GATING AND RESIDENTIAL SEGREGATION
Many scholars have pointed to the links between the process of gating and the process of residential segregation (Blakely and Snyder, 1997; Blandy et al., 2003; Caldeira, 2000; Le Goix, 2005; Low, 2003; Webster et al., 2002), although specific empirical evidence of the relationship between the two processes is scarce. Low’s (2003) anthropological study, conducted in two GCs, in San Antonio, Texas, and in Queens, New York, shows that many GC residents fear nonspecified “others” and this is among the main reasons to move into a GC. Based on a discourse analysis, Low discovered that GCs residents were concerned about “ethnic change” in the neighborhoods they moved from and had covert concerns about social order, social control, xenophobia, ethnocentrism, and other issues.

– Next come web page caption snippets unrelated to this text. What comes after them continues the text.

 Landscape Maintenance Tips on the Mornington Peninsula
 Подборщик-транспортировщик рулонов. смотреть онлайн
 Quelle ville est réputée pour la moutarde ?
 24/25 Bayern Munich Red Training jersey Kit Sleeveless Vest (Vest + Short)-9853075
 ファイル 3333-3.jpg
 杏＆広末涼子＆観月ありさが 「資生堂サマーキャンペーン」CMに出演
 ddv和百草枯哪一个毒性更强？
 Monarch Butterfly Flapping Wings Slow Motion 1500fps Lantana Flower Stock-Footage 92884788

Le Goix (2005) studies GCs in the Los Angeles region (in seven counties) and uses the geographical concept of “discontinuity” to evaluate the social closeness of two adjacent spatial systems. According to the author’s methodology, “discontinuity appears where a significant level of dissimilarity between two contiguous areas occurs” (2003:4). Le Goix concludes that GCs constitute more homogeneous and differentiated territories, which lead to an increase in segregation at the local scale. The author also points out that living in a GC is connected with age characteristics and age homogeneity, thus age is one of the most important factors of the integration between those living in a GC.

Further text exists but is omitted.